Des arnaques sophistiquées, mais imparfaites
Les deepfakes vidéos sont relativement récents et, même s’ils ne cessent de s’améliorer, il reste possible de voir la supercherie. Le site Spot the Deepfake permet de vérifier ses connaissances et d’adopter de nouveaux réflexes. Il montre que les yeux peuvent être flous ou cligner bizarrement par exemple. Sylvie Jonas explique que cette faille existe parce que « les logiciels créateurs de montage illicites ont besoin de beaucoup de photos de la personne mise en cause, y compris des photos où celle-ci a les yeux fermés. Or ce type de photographies est assez peu
accessible« . Les lunettes peuvent aussi être complexes à reproduire pour les logiciels de deepfake, ce qui crée des artefacts (irrégularités). Il est également possible d’analyser les vidéos et photos grâce à des extensions comme WeVerify et InVID, destinées aux journalistes pour faire du fact-checking. Elles permettent de voir si la photo ou vidéo a déjà été publiée ailleurs, de zoomer ou encore de vérifier les métadonnées.
Une autre solution se trouve en amont de la publication de photos et de vidéos, ajoute l’avocate : « des filtres peuvent être appliqués » pour empêcher leur détournement. Des signatures numériques (digital watermark) anti-deepfake sont aussi en développement.

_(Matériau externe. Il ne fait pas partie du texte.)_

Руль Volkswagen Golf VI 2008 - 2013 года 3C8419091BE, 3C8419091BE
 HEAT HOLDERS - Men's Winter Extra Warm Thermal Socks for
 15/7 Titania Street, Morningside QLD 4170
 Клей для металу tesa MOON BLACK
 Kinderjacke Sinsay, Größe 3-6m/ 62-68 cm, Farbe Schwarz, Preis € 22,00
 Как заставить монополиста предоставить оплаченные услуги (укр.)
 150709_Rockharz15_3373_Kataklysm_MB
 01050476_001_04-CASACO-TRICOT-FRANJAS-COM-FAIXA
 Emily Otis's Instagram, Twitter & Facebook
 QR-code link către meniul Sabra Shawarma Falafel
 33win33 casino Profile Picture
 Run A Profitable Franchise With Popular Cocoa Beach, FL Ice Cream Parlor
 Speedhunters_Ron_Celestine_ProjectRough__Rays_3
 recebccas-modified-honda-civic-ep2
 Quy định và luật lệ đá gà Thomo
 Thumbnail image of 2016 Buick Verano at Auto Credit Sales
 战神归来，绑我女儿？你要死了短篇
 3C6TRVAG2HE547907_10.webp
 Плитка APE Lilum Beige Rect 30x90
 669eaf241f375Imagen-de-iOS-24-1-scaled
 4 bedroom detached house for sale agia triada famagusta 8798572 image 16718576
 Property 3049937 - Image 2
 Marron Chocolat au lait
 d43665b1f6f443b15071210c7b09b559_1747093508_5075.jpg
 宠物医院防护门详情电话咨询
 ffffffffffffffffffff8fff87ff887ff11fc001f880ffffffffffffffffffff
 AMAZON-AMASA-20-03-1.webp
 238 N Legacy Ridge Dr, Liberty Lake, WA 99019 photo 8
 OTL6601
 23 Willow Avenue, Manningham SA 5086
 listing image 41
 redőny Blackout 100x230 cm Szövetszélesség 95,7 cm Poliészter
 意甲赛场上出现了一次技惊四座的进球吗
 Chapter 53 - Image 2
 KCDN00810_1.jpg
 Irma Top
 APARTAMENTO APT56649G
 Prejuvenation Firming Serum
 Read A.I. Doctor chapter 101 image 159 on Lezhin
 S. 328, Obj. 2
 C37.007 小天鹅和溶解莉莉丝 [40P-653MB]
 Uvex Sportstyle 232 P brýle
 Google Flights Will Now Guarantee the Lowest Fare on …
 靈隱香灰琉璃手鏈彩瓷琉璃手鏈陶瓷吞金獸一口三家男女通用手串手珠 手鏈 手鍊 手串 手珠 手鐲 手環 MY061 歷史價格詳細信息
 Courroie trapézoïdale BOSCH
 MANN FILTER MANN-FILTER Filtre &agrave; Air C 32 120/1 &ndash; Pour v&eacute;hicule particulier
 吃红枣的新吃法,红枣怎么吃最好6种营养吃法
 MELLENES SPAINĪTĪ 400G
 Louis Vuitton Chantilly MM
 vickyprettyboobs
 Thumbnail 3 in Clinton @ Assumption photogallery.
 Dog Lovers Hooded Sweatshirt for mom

Les clonages audio étant plus compliqués à déceler sans logiciel spécialisé, la meilleure solution reste l’esprit critique. Prendre en compte le contexte, les intentions et les conséquences potentielles du message pour savoir s’il est faux. Par exemple, si une personne ou une entreprise demande une grosse somme d’argent en insistant sur le caractère urgent de la situation, c’est probablement une arnaque. Il suffit de contacter cette personne par un autre moyen pour confirmer cette demande ou, le cas échéant, la prévenir de l’usurpation de son identité.
Médias, institutions, entreprises : la riposte s’organise
Malheureusement, les éditeurs de logiciels de deepfake semblent passifs face à leur utilisation malveillante. « À notre connaissance, les éditeurs ne mettent pas en place de mesures spécifiques et efficaces afin d’empêcher les dérives, déplore Sylvie Jonas. La lutte contre les fake news et plus largement la cybercriminalité n’apparaît pas être leur préoccupation première. » Ce combat est donc mené par des institutions, des médias, des entreprises et des universités.
WeVerify et InVID sont de bons exemples de coopération contre les deepfakes. En effet, ils ont été créés par le MediaLab de l’AFP grâce à un financement du programme de recherche et d’innovation Horizon 2020 de l’Union européenne. De l’autre côté de l’Atlantique, Facebook, Microsoft et plusieurs universités ont organisé en 2019 le Deepfake Detection Challenge. Comme son nom l’indique, ils ont publié 115 000 vidéos que les participants devaient examiner afin de proposer des modèles informatiques pour détecter les deepfakes. Pour donner une expérience plus réaliste, la qualité des vidéos et des trucages était très variable. Pour ce premier concours, le meilleur modèle avait raison dans 65% des cas. Il reste donc des progrès à faire.
En France, la lutte contre les deepfakes s’inscrit dans un contexte particulier : celui de l’élection présidentielle de 2022, menacée d’ingérences étrangères par le biais de campagnes de désinformation sur les réseaux sociaux. Pour cela, le gouvernement a fondé en octobre 2021 une agence de vigilance et de protection contre les ingérences numériques étrangères, la Viginum.